*** Opening Data provided ***
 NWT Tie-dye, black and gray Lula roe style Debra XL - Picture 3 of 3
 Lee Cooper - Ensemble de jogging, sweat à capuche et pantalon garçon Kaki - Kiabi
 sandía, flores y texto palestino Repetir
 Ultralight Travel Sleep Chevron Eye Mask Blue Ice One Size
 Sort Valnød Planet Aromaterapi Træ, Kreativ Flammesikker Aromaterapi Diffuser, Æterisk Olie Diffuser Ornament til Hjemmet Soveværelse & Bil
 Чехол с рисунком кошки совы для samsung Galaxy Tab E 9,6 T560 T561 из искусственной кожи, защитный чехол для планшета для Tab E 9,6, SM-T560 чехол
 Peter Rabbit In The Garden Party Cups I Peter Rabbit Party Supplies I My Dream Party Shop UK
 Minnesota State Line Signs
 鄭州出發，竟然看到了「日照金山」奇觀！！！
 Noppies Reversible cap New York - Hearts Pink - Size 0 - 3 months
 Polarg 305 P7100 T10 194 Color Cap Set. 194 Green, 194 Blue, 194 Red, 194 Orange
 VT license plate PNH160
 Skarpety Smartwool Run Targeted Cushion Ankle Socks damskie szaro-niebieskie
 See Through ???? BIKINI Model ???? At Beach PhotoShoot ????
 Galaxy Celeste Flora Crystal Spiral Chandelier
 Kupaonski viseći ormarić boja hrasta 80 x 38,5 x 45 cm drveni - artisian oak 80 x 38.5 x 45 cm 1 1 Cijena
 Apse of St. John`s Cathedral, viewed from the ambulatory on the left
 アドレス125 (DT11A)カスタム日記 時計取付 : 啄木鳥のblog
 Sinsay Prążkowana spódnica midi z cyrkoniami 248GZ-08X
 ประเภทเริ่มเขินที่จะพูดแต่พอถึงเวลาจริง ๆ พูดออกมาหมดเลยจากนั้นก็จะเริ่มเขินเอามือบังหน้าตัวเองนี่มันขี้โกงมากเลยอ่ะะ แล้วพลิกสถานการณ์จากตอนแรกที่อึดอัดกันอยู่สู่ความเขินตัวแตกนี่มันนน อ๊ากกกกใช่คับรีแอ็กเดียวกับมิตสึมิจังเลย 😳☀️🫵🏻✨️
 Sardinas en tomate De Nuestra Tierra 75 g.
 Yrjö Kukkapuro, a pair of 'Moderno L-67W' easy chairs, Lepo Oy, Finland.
*** Closing Data provided ***
Exercise brief: Of all the entries above, repeat only the lines from the line that has "Noppies Reversible cap" to the line that has "Sinsay Prążkowana spódnica", both lines included, exactly.

Result for this exercise:
 Noppies Reversible cap New York - Hearts Pink - Size 0 - 3 months
 Polarg 305 P7100 T10 194 Color Cap Set. 194 Green, 194 Blue, 194 Red, 194 Orange
 VT license plate PNH160
 Skarpety Smartwool Run Targeted Cushion Ankle Socks damskie szaro-niebieskie
 See Through ???? BIKINI Model ???? At Beach PhotoShoot ????
 Galaxy Celeste Flora Crystal Spiral Chandelier
 Kupaonski viseći ormarić boja hrasta 80 x 38,5 x 45 cm drveni - artisian oak 80 x 38.5 x 45 cm 1 1 Cijena
 Apse of St. John`s Cathedral, viewed from the ambulatory on the left
 アドレス125 (DT11A)カスタム日記 時計取付 : 啄木鳥のblog
 Sinsay Prążkowana spódnica midi z cyrkoniami 248GZ-08X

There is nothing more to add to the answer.